The Deepwater Horizon drilling rig that sank after an explosion on April 20, 2010 while operational on the Macondo exploration well proved fatal for 11 workers and leaked 4.9 million barrels of oil into the Gulf over 87 days, polluting shores from Texas to Florida. The drilling rig was leased by British energy major BP plc (BP) from Transocean. The incident was a major environmental disaster in the U.S. history. Last week, Transocean agreed to pay more than $1.4 billion as a settlement fee, which includes $400 million in criminal penalty and $1 billion plus interest in civil penalties. Moreover, the company also pleaded guilty to one misdemeanor count under the Clean Water Act.
Transocean will enter into its guilty plea deal on February 14, 2013 - scheduled by a U.S. District Judge named Jane Triche Milazzo. She will decide on that day whether the deal can be accepted. If the deal is rejected, Transocean can go for a trial by withdrawing its guilty plea. However, the company’s civil settlement with the federal government will be looked after by a different judge.
Switzerland-based Transocean is the leading provider of drilling management services worldwide. As of June 30, 2012, the company owned, had partial ownership interests in, or operated 130 mobile offshore drilling rigs. Transocean’s drilling fleet consists of 50 high-specification deepwater floaters, 25 mid-water floaters, 10 high specification jackups, 44 standard jackups, and one other rig utilized to support offshore drilling activities worldwide.

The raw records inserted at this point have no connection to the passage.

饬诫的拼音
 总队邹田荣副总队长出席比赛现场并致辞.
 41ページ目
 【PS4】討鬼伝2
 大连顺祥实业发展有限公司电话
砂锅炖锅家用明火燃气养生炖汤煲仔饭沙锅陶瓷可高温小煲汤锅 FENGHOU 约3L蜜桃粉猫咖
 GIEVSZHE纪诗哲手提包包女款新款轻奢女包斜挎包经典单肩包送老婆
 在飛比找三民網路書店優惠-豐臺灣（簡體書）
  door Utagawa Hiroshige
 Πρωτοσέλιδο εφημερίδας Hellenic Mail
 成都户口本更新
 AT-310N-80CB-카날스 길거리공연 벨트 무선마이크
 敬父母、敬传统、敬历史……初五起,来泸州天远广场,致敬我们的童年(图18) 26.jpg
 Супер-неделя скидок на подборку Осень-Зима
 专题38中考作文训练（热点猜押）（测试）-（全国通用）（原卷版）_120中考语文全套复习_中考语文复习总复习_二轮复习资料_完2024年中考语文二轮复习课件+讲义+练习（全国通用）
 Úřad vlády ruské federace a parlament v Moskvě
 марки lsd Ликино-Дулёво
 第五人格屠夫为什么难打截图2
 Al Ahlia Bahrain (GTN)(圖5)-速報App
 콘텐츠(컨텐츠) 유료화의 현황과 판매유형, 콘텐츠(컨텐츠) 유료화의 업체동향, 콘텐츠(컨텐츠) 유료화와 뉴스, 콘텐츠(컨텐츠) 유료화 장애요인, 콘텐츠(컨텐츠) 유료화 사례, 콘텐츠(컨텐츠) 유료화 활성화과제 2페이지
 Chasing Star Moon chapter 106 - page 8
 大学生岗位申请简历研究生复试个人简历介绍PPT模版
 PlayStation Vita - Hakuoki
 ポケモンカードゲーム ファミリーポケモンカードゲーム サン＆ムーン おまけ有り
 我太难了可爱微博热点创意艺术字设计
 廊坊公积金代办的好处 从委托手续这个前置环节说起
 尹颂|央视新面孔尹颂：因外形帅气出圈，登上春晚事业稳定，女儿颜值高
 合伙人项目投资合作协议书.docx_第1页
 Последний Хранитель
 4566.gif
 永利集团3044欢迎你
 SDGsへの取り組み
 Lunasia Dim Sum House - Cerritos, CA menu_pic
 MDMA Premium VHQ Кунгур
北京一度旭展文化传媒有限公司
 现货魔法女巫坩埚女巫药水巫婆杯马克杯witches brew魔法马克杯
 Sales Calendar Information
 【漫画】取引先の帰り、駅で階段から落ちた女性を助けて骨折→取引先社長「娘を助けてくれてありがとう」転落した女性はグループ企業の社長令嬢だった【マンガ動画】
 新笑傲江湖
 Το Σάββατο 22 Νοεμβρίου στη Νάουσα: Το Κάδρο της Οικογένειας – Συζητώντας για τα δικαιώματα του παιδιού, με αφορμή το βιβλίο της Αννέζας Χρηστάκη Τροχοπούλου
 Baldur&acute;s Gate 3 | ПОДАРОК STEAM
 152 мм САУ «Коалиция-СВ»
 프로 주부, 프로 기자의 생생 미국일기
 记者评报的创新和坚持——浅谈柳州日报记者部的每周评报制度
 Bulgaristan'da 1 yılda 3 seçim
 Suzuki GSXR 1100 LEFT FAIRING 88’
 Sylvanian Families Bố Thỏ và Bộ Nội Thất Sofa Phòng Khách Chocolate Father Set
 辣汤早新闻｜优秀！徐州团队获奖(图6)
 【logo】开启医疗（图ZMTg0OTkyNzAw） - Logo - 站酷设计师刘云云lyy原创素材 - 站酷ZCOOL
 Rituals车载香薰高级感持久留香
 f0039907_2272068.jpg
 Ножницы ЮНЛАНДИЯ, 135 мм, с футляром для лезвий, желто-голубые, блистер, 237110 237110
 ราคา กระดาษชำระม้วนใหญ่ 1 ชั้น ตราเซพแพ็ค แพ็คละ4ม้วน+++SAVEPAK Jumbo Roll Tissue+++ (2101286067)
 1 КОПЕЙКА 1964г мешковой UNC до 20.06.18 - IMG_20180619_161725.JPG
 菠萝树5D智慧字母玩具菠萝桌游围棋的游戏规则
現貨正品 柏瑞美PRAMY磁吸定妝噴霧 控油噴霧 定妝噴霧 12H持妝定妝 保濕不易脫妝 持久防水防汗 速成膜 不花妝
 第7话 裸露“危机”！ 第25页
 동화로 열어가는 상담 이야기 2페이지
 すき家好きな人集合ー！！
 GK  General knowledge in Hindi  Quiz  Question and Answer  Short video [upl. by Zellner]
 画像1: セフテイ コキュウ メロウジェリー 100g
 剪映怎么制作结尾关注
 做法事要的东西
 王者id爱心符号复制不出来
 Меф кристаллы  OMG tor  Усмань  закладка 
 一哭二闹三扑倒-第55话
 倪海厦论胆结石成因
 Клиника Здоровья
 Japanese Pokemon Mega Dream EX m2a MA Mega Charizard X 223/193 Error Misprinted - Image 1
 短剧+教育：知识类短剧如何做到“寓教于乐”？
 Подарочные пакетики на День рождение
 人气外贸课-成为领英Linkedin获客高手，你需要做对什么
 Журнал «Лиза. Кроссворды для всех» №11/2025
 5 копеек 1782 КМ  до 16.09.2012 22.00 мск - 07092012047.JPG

Transocean carries a Zacks Rank #3 (short-term Hold). For the long term, we maintain a Neutral recommendation on the company.
With less oil being discovered on land and with companies having to dig ever deeper to get to their reserves, Transocean is poised to benefit from a market with robust multi-year demand trends, given its technologically-advanced and versatile drilling fleet.
On the flip side, the introduction of new and more stringent regulations due to the oil spill will likely make deepwater drilling activity prohibitively expensive for exploration and production companies, making many projects marginal. This could reduce the demand for deepwater drilling.